John Hay was introduced to Cape Cod by his friend, the poet and novelist Conrad Aitken, but he had always looked for adventure in the outdoors. As a child, he spent summers on his family’s estate in Sunapee NH, where he built a houseboat to explore the lake and camp under the stars. As an adult, he re-ignited that love of nature and outdoor space on his visits to Aitken’s home in Brewster. In 1946, John and his wife Kristi, moved there themselves.
Having built their own home “Dry Hill”, where the Hays could see the ocean from a mile away in a then deforested landscape, John’s daily strolls through the neighborhood developed into a deep love for his new environment. It became one he wanted to share, and encourage others to discover a world outside of what he called the “jabbering” of modern life. In 1954, he and a group of seven other parents founded The Cape Cod Junior Museum to “study the plant, animal, and marine life which abounds so profusely in this region.”
At first housed on the second floor of Brewster’s old town hall, in 1955 the Museum’s first physical location was a tent. Erected on marshland John had persuaded the town to buy, it was developed to encourage children and adults to understand the natural world that surrounds them. John was President, and one of the teachers, but also an avid student himself who often had questions of his own for the professors and experts who came to help the fledgling institution. Where that tent first stood, the modern-day Museum’s KidSummer buildings now stand.

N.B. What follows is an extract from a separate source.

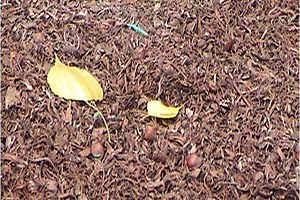 Fındığın Kabuğundaki Sır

“The Run” was released in 1959 and became a classic of nature writing. Written to explore the lives of alewives, it also describes the geography of the herring run in Brewster, and takes in animals like the muskrat John saw at Stony Brook. Unlike other naturalist writers of the time, Hay took a narrative, poetic approach to his work, using his own experiences to understand the lives of the creatures he was studying. He would go on to write seventeen more books, all written in his shack at Dry Hill. In 1965, he was honored with the John Burroughs Medal, America’s highest award for nature writing.
John Hay died on February 26, 2011, aged 95. He had retired from the position as Museum President in 1980 but continued to support it throughout his life. He was also an early president of the Brewster Conservation Commission, with achievements including the protection of the town’s salt marsh.